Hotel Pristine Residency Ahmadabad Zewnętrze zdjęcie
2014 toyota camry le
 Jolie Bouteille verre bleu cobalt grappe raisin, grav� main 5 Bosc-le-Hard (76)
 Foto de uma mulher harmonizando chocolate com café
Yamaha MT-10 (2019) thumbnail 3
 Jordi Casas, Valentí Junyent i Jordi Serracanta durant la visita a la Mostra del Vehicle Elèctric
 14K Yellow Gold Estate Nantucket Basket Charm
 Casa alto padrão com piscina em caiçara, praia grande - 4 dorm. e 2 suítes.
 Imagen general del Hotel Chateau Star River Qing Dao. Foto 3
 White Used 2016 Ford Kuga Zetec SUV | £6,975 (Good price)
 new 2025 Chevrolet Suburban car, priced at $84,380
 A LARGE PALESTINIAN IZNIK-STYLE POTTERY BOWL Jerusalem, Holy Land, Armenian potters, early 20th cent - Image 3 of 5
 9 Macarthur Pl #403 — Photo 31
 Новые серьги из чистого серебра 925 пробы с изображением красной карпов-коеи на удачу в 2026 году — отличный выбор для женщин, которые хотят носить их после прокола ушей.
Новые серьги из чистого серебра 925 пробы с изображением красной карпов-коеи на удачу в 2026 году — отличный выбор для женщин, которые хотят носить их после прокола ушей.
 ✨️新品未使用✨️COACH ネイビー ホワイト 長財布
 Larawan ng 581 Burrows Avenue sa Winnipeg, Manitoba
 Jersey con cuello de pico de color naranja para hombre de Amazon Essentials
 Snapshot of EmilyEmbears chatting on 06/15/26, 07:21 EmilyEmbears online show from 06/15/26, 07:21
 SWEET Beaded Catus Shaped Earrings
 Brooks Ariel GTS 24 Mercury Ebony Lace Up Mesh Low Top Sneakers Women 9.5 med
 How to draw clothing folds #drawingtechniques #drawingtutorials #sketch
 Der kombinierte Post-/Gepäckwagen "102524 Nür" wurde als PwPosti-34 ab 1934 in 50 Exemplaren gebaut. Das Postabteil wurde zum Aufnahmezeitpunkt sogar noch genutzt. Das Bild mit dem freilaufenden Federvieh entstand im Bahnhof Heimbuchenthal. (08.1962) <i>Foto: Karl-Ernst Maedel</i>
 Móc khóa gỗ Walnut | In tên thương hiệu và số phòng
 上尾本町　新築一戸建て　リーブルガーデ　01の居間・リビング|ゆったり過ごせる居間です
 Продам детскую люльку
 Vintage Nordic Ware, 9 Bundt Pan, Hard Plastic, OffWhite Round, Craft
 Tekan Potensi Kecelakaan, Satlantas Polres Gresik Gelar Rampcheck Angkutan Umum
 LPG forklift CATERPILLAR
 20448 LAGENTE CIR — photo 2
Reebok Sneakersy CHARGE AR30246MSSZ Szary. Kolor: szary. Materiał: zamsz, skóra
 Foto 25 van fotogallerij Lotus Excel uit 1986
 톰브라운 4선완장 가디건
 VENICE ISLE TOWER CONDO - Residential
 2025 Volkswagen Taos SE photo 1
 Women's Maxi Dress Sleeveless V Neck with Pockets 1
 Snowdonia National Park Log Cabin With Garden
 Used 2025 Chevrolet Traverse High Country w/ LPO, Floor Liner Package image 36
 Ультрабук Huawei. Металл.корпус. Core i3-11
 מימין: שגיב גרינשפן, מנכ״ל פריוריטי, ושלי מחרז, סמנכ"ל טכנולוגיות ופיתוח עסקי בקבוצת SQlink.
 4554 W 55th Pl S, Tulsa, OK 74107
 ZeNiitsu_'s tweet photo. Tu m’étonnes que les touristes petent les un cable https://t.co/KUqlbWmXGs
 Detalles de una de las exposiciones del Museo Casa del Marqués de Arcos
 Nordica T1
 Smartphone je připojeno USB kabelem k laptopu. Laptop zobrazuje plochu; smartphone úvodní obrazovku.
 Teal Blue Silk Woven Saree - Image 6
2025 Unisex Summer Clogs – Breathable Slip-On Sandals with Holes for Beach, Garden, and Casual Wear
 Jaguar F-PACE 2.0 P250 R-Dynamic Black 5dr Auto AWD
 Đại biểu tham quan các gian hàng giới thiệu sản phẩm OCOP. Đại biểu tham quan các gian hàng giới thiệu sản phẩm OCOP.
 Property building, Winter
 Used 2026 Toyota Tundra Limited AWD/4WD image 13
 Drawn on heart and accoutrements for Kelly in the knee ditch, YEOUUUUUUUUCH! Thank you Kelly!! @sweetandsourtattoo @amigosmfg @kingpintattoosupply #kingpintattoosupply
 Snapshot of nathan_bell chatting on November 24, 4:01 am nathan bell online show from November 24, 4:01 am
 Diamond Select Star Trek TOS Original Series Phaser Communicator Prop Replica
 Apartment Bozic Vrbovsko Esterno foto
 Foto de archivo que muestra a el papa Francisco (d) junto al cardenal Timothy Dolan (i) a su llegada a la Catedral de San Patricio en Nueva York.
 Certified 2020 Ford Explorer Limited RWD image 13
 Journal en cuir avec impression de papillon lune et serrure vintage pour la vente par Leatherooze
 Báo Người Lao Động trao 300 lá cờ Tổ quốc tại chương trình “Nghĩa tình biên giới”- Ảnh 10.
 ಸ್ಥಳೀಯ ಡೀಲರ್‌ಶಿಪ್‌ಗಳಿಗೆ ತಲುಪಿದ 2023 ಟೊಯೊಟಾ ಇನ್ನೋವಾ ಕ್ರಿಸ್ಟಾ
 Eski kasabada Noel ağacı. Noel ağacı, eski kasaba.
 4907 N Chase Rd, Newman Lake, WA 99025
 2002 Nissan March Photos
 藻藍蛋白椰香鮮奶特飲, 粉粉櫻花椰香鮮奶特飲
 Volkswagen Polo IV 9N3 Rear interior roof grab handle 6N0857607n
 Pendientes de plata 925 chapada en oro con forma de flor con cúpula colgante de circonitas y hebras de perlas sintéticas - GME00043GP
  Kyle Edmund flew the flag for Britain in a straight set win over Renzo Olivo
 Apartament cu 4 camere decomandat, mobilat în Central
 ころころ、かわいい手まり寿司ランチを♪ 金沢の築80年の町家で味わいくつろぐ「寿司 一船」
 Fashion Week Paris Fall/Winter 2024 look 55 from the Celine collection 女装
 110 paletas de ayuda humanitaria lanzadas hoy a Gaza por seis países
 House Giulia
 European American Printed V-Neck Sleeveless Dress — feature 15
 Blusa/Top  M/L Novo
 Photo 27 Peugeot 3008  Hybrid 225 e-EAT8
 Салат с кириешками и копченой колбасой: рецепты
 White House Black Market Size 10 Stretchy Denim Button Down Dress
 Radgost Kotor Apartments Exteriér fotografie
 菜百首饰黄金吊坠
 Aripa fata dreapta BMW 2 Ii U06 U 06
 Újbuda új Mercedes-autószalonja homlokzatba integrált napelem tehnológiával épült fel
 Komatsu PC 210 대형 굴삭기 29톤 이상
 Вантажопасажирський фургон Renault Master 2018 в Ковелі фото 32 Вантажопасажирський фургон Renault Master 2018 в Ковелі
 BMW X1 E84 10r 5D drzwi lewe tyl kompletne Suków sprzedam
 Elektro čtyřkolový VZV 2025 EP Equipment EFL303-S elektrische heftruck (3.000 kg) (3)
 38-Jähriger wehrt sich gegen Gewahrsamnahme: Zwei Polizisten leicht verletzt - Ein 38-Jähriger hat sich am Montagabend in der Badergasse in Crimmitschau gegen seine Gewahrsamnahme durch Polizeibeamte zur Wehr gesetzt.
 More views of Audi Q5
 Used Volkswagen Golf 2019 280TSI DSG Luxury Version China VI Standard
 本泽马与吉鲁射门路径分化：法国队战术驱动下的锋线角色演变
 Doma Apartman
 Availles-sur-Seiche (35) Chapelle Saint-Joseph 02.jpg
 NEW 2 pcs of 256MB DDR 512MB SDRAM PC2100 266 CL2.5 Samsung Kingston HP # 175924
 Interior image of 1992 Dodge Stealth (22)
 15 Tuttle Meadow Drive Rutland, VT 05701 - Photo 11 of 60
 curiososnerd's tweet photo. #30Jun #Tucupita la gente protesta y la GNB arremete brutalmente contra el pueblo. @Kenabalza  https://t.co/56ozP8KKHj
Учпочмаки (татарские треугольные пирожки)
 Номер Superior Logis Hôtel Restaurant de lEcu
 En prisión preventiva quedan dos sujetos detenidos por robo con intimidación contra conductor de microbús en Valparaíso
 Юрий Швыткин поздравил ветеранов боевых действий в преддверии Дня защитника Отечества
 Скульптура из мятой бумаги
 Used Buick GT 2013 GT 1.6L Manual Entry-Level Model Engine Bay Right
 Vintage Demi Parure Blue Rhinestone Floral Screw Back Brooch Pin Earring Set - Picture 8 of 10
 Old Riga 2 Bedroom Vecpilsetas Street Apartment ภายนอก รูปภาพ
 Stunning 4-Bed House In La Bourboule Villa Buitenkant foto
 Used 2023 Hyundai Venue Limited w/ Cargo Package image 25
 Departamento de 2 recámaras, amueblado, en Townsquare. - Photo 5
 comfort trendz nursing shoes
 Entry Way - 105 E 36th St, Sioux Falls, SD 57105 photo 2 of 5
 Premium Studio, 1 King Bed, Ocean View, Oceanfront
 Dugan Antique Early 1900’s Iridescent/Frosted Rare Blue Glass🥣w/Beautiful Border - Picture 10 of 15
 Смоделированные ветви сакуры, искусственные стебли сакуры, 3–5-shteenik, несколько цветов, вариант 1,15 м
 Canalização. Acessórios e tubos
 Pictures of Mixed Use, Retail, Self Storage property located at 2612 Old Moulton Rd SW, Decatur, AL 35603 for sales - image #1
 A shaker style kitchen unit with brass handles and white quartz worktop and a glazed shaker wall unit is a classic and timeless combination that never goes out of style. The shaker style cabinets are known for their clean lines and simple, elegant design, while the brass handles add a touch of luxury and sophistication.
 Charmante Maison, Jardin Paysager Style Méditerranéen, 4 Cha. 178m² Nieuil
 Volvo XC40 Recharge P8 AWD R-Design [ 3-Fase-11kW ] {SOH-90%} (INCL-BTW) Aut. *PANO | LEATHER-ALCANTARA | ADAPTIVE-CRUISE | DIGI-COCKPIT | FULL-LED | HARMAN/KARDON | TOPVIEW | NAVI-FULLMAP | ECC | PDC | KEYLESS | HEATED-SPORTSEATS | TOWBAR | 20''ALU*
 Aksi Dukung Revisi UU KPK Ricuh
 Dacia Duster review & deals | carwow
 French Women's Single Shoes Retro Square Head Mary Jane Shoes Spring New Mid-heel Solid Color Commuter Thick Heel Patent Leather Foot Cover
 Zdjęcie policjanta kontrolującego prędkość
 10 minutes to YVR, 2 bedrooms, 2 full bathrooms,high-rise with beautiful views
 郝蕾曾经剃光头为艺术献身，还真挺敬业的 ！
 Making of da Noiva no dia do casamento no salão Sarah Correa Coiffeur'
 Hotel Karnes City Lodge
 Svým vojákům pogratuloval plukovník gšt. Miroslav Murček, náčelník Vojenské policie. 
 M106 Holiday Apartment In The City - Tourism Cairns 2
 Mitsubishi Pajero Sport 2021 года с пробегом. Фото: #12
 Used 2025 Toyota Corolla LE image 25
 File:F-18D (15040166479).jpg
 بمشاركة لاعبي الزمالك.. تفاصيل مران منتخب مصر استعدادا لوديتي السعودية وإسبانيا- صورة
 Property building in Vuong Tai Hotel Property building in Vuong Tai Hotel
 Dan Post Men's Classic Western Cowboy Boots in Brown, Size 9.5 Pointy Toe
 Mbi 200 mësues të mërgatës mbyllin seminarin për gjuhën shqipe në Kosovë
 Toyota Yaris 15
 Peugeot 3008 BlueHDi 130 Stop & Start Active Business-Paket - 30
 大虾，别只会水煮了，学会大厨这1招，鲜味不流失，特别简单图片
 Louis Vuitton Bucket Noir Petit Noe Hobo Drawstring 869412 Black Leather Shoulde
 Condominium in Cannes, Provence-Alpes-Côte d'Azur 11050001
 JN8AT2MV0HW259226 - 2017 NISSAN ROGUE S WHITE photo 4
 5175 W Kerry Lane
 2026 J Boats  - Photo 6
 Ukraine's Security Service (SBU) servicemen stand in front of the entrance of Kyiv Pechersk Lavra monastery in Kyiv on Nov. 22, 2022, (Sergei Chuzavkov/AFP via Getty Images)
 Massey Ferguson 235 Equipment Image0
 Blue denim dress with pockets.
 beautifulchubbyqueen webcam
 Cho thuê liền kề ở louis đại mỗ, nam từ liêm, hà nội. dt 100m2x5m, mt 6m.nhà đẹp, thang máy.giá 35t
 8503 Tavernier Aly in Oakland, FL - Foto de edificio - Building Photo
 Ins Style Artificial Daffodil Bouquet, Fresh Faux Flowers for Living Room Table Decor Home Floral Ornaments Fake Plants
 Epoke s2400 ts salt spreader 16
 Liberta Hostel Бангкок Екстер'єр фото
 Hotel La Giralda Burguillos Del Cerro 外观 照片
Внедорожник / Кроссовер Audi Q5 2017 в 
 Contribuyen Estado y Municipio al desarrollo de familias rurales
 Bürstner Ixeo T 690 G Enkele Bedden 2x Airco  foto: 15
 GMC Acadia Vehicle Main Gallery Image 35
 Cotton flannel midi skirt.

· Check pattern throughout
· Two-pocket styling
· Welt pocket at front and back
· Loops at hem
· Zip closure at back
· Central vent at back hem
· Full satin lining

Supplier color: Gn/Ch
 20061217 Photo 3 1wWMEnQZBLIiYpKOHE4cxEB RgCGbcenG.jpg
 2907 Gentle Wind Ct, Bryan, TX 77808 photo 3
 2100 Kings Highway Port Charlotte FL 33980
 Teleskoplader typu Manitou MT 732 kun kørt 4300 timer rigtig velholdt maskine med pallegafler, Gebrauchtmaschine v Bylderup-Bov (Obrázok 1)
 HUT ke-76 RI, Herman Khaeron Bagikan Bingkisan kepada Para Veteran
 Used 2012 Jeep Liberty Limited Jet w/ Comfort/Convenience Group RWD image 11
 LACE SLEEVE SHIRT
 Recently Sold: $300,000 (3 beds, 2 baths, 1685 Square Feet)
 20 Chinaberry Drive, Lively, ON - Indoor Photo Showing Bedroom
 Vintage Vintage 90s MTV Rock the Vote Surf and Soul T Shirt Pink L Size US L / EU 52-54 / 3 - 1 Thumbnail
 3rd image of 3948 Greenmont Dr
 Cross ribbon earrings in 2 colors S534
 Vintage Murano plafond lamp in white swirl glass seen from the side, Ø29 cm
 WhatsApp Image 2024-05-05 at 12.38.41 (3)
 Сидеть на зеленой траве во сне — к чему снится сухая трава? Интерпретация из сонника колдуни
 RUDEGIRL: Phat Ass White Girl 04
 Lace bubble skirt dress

────────────────────────────────────────

What is required ▸ Whenever a line of the data includes the word "online", show that line in full.

Expected output ▸
 Snapshot of EmilyEmbears chatting on 06/15/26, 07:21 EmilyEmbears online show from 06/15/26, 07:21
 Snapshot of nathan_bell chatting on November 24, 4:01 am nathan bell online show from November 24, 4:01 am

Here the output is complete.